BEGIN Available data

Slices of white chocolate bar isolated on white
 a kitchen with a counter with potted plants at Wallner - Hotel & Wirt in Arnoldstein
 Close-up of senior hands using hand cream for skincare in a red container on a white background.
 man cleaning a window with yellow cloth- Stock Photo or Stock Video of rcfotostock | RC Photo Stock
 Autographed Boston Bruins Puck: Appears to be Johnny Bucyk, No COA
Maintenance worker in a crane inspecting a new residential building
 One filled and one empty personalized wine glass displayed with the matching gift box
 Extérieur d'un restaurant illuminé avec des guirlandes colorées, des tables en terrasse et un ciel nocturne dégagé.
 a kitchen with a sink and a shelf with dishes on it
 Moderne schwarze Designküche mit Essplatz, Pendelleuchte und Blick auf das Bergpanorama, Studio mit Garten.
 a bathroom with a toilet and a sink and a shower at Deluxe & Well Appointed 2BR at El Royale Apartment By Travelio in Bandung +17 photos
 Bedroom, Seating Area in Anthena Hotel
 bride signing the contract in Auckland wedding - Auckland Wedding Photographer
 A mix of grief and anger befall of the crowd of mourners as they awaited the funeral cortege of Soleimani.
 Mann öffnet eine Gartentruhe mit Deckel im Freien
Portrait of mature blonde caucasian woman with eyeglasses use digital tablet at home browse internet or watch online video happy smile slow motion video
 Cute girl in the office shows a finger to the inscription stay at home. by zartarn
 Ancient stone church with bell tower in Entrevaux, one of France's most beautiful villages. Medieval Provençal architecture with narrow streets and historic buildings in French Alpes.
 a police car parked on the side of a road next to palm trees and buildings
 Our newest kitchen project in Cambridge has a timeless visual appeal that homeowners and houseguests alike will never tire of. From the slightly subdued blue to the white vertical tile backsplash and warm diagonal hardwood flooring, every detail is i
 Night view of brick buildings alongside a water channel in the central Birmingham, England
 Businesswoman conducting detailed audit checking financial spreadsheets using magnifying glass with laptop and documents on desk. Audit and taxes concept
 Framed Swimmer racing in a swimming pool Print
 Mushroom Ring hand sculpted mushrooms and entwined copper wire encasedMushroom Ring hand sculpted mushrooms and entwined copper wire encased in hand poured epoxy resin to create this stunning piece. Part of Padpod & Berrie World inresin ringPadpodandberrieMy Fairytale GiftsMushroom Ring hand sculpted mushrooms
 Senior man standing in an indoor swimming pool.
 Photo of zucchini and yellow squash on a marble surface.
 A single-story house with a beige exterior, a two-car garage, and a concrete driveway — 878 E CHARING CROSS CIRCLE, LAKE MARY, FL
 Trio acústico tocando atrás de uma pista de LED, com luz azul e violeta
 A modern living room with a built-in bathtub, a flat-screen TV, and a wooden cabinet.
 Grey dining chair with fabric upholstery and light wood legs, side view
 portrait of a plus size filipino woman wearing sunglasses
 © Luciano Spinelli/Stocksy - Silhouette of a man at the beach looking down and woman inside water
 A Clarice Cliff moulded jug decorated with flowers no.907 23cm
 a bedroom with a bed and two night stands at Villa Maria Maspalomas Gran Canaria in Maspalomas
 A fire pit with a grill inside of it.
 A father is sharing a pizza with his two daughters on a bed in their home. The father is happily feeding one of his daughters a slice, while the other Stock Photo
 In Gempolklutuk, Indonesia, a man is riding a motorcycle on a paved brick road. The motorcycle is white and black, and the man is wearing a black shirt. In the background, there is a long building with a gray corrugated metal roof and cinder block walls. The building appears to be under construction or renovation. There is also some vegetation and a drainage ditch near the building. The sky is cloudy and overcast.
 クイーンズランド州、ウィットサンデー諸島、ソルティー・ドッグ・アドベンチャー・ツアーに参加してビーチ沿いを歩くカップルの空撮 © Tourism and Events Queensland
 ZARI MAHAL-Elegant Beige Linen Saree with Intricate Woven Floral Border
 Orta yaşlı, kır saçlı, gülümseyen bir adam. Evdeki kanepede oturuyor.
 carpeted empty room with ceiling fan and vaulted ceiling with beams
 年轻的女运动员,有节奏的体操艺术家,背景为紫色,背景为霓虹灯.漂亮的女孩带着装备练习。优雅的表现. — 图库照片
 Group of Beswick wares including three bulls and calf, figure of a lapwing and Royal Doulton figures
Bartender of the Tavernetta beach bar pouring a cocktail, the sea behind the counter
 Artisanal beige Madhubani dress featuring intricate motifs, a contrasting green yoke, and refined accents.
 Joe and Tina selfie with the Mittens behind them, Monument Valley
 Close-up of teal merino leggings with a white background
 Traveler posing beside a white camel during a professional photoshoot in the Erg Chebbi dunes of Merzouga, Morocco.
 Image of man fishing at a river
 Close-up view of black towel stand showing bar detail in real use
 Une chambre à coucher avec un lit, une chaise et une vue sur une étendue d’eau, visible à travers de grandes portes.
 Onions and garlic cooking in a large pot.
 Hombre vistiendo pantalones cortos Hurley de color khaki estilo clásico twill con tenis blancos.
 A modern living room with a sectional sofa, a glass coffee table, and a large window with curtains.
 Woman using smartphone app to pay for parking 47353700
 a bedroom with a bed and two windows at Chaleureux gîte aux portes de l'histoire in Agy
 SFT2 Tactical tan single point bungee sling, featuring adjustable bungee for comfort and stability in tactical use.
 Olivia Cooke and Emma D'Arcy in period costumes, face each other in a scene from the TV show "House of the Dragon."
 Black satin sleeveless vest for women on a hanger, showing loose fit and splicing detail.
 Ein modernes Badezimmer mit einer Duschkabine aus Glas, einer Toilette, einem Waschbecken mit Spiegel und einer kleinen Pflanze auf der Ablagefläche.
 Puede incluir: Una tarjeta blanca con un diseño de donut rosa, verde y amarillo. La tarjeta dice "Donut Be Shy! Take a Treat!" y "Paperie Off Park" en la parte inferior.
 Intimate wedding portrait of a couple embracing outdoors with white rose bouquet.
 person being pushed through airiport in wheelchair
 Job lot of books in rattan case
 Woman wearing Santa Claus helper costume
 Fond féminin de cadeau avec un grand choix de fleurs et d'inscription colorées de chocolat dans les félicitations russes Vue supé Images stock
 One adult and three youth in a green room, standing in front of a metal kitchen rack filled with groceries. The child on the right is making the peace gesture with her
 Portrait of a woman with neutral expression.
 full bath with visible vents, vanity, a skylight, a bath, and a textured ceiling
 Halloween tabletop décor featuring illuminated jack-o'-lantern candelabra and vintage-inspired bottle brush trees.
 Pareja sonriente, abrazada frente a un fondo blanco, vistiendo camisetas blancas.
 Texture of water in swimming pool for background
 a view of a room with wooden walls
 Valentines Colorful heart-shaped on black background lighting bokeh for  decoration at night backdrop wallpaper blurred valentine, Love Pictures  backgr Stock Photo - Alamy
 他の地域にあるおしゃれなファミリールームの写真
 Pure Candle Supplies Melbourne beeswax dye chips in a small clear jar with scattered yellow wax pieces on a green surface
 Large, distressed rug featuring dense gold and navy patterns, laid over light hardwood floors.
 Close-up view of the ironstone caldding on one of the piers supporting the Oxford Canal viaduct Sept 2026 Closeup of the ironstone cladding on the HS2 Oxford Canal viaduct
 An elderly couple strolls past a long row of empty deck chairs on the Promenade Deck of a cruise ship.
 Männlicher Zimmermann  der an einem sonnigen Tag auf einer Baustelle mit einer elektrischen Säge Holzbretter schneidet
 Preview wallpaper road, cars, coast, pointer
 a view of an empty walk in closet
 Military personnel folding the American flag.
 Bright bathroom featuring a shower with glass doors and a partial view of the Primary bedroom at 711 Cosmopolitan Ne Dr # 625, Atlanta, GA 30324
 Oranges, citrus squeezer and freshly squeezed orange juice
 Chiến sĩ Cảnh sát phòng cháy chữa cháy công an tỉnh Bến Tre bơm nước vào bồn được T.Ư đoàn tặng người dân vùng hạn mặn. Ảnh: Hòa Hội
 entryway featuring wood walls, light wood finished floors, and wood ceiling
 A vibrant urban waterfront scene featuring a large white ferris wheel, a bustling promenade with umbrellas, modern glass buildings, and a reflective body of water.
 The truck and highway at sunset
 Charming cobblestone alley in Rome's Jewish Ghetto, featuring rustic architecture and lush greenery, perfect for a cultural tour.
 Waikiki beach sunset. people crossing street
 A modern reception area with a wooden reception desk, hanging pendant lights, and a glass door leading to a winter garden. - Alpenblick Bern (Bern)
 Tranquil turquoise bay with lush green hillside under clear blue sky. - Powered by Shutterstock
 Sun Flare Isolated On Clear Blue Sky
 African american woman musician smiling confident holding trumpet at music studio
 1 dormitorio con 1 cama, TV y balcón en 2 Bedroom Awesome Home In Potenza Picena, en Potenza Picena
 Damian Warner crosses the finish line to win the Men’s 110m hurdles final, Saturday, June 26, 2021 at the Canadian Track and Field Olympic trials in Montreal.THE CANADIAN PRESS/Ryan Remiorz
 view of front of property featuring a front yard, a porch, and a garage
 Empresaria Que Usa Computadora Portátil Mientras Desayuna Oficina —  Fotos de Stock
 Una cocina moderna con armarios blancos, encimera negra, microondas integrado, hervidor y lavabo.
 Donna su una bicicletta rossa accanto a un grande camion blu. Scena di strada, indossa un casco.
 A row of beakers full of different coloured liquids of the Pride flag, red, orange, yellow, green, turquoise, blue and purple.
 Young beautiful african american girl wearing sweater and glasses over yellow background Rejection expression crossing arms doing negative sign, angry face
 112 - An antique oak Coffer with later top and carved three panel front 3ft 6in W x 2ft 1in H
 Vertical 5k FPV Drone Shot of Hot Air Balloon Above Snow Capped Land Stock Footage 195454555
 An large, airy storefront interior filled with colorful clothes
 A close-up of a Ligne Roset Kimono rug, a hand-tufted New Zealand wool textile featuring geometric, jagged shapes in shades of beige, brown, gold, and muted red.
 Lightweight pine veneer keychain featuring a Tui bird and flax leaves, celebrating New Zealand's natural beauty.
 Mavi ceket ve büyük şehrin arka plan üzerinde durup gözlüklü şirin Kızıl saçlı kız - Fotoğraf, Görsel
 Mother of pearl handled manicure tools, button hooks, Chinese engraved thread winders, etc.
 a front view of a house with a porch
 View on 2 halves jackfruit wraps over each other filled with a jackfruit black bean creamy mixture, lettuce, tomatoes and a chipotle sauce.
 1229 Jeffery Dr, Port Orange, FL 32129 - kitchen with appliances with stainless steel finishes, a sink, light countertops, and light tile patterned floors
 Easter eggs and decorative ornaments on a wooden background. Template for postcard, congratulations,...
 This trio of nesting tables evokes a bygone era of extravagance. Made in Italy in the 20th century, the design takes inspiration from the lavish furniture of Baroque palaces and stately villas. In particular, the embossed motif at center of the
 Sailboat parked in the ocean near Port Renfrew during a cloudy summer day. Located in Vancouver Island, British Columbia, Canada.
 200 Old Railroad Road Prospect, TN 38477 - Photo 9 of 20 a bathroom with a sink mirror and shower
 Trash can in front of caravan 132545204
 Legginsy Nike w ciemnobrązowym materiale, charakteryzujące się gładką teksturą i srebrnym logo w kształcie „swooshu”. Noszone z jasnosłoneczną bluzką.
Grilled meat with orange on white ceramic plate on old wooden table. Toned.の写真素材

END Available data

Problem to solve - Only the lines above from the one with "A father is" through the one with "Close-up of teal" should be duplicated, character for character.

Answer for this exercise -
 A father is sharing a pizza with his two daughters on a bed in their home. The father is happily feeding one of his daughters a slice, while the other Stock Photo
 In Gempolklutuk, Indonesia, a man is riding a motorcycle on a paved brick road. The motorcycle is white and black, and the man is wearing a black shirt. In the background, there is a long building with a gray corrugated metal roof and cinder block walls. The building appears to be under construction or renovation. There is also some vegetation and a drainage ditch near the building. The sky is cloudy and overcast.
 クイーンズランド州、ウィットサンデー諸島、ソルティー・ドッグ・アドベンチャー・ツアーに参加してビーチ沿いを歩くカップルの空撮 © Tourism and Events Queensland
 ZARI MAHAL-Elegant Beige Linen Saree with Intricate Woven Floral Border
 Orta yaşlı, kır saçlı, gülümseyen bir adam. Evdeki kanepede oturuyor.
 carpeted empty room with ceiling fan and vaulted ceiling with beams
 年轻的女运动员,有节奏的体操艺术家,背景为紫色,背景为霓虹灯.漂亮的女孩带着装备练习。优雅的表现. — 图库照片
 Group of Beswick wares including three bulls and calf, figure of a lapwing and Royal Doulton figures
Bartender of the Tavernetta beach bar pouring a cocktail, the sea behind the counter
 Artisanal beige Madhubani dress featuring intricate motifs, a contrasting green yoke, and refined accents.
 Joe and Tina selfie with the Mittens behind them, Monument Valley
 Close-up of teal merino leggings with a white background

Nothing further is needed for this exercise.